Boris the British Trump? Not So Fast…

With Boris Johnson succeeding Theresa May as Tory leader, many believe the United Kingdom now has its “British Trump” — but the American and the Englishman are not as similar as they might appear.

Britain’s governing Conservative Party, often still referred to as the Tories, like their 17th-century Cavalier forebears, has for many years been an only notionally right-wing party, dominated by “centrists” roughly equivalent to so-called Republicans In Name Only, or RINOs, in the United States.

Successive generations of Tory prime ministers have supporting handing away national sovereignty to the European Union and its predecessor organisations, with even the late Margaret Thatcher being a supporter of the bloc before her dealings with it in office changed her mind.

More recently, David Cameron and especially Theresa May have enthusiastically embraced the left-“progressive” stance on a wide range of policies, including climate change, lavish spending on foreign aid, the alleged gender pay gap, and a raft of measures designed to tackle supposed racial disparities and “hate speech”.

The party has also presided over massive levels immigration, with party grandees openly admitting that senior ministers do not support repeated but unkept manifesto promises to reduce it, while allowing the British Army, Royal Air Force, and Royal Navy to shrink to historically low strengths, and police manpower to fall by tens of thousands.

Boris Johnson, known for his florid and often politically incorrect speech and prose, as well as his high-profile support for Brexit during the EU referendum in 2016, is therefore viewed with some horror by the left-liberal commentariat, who see in him a Trumpian figure who will put the minority of broadly conservative — with a small “c” — or at least libertarian-leaning Tory MPs who more accurately reflect the sensibilities of the Tory membership and voter base in the party’s driving seat for the first time in decades.

But the evidence suggests Johnson has little in common with the American leader beyond his outward support for nation-state sovereignty, being a passionate supporter of immigration and even an amnesty for illegal immigrants and boasting of his own Muslim Turkish heritage.

Mr Johnson is also a big supporter of free trade with sweatshop economies like the People’s Republic of China, while President Trump has taken active measures to protect American workers from what he sees as unfair competition — and Johnson has also backed the Iran nuclear deal negotiated by Obama and kept alive by the EU after his successor pulled out of it.

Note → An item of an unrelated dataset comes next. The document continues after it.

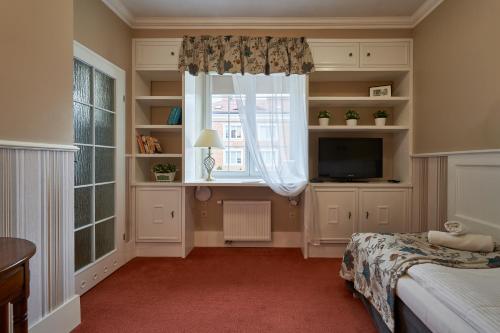 a bedroom with a window and a bed and a television at American House Hennela in Warsaw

Perhaps most tellingly of all, during his time as London mayor Johnson was among the many establishment politicians in Britain to publicly and stridently disparage Mr Trump when he was merely one of several candidates for the Republican nomination for the presidential race — a contest in which Democrat frontrunner Hillary Clinton was expected to obliterate him at the polls even if he somehow did make it through.

“When Donald Trump says that there are parts of London that are no-go areas, I think he’s betraying a quite stupefying ignorance that makes him, frankly, unfit to hold the office of President of the United States,” he sneered in an interview in late 2015.

“I would invite him to come and see the whole of London and take him round the city except that I wouldn’t want to expose Londoners to any unnecessary risk of meeting Donald Trump,” he added — a riff on similar comments that “the only reason I wouldn’t go to some parts of New York is the real risk of meeting Donald Trump.”

Even now, despite President Trump’s praise for Johnson, and Johnson’s attempts to build something of a rapport with the American now that he leads the U.S., Johnson is reported to selecting his Cabinet picks based in part on a desire to assure people that indeed he is not a “British Trump”.